- [Problem to solve]:
Retype, exactly and with both ends included, the lines below from the one containing "Mamá, soy trans" through the end; omit the pictures.

___ Records for processing ___

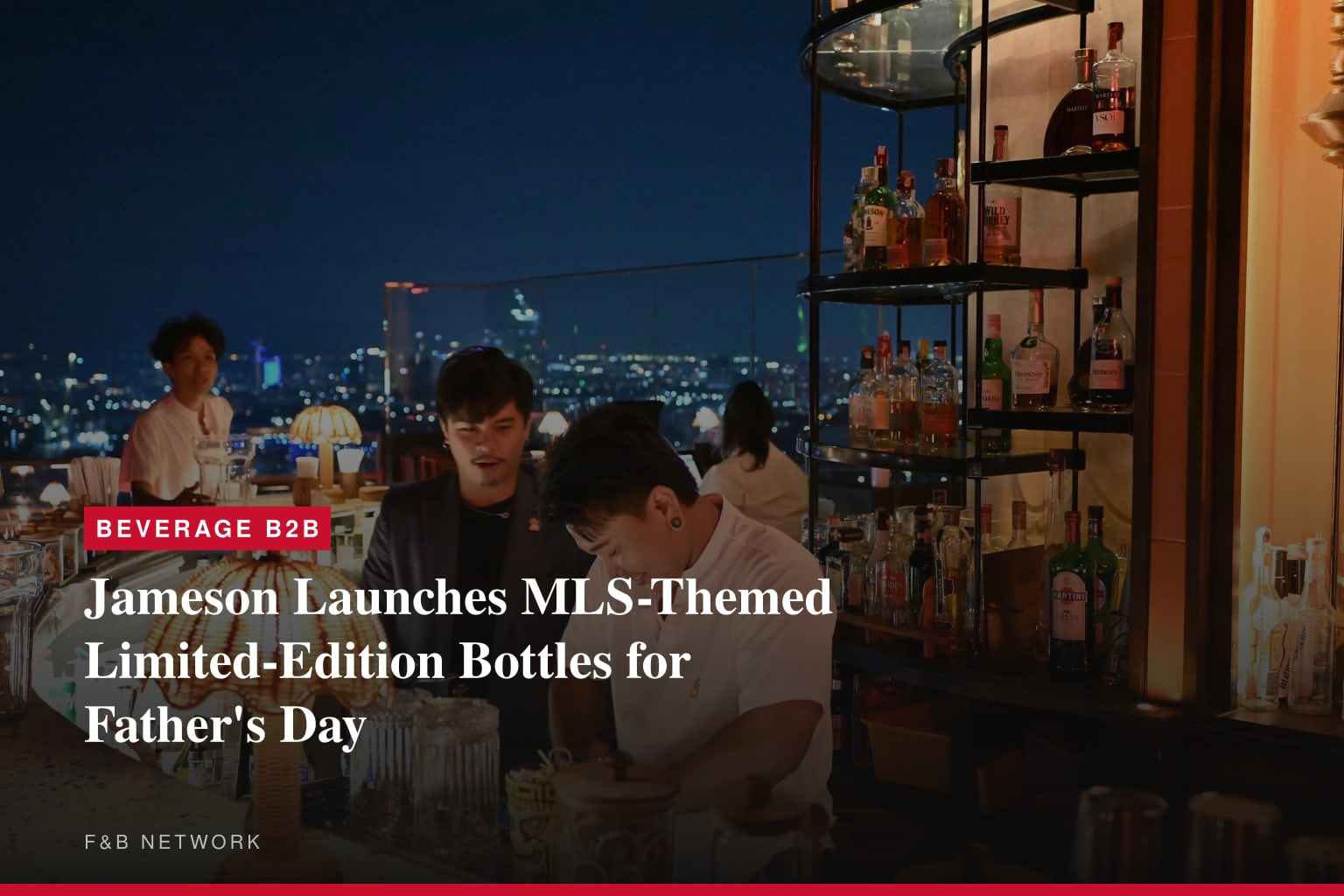 Jameson Launches MLS-Themed Limited-Edition Bottles for Father's Day
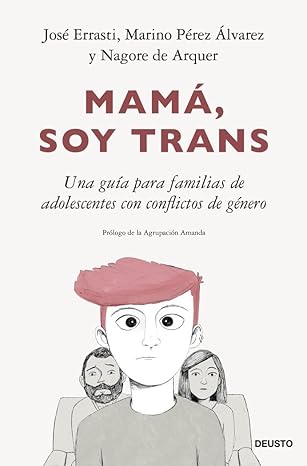 Mamá, soy trans : una guía para familias de adolescentes con conflictos de género / José Errasti, Marino Pérez Álvarez, Nagore de Arquer ; prólogo de la Agrupación Amanda ; ilustraciones: Eliana Gutiérrez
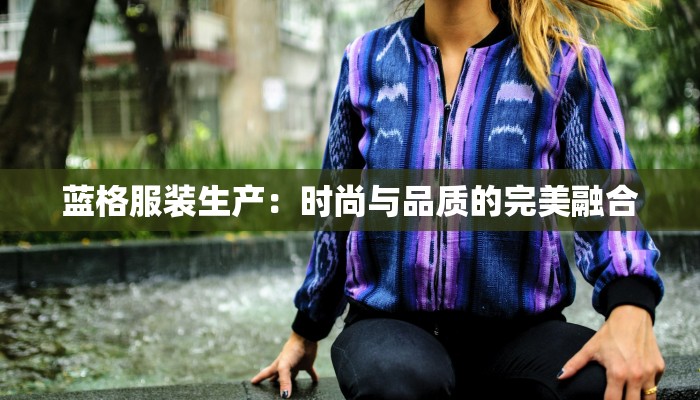 蓝格服装生产：时尚与品质的完美融合
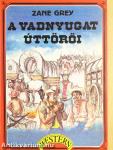 A vadnyugat úttörői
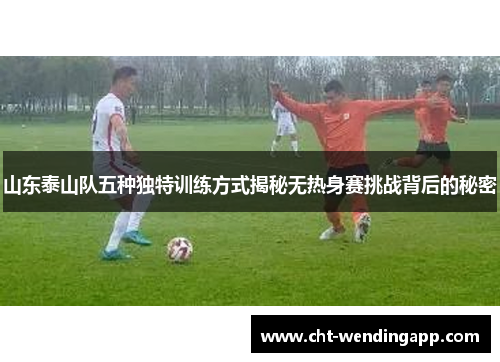 山东泰山队五种独特训练方式揭秘无热身赛挑战背后的秘密 山东泰山队五种独特训练方式揭秘无热身赛挑战背后的秘密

___

- [Final answer]:
 Mamá, soy trans : una guía para familias de adolescentes con conflictos de género / José Errasti, Marino Pérez Álvarez, Nagore de Arquer ; prólogo de la Agrupación Amanda ; ilustraciones: Eliana Gutiérrez
 蓝格服装生产：时尚与品质的完美融合
 A vadnyugat úttörői
 山东泰山队五种独特训练方式揭秘无热身赛挑战背后的秘密 山东泰山队五种独特训练方式揭秘无热身赛挑战背后的秘密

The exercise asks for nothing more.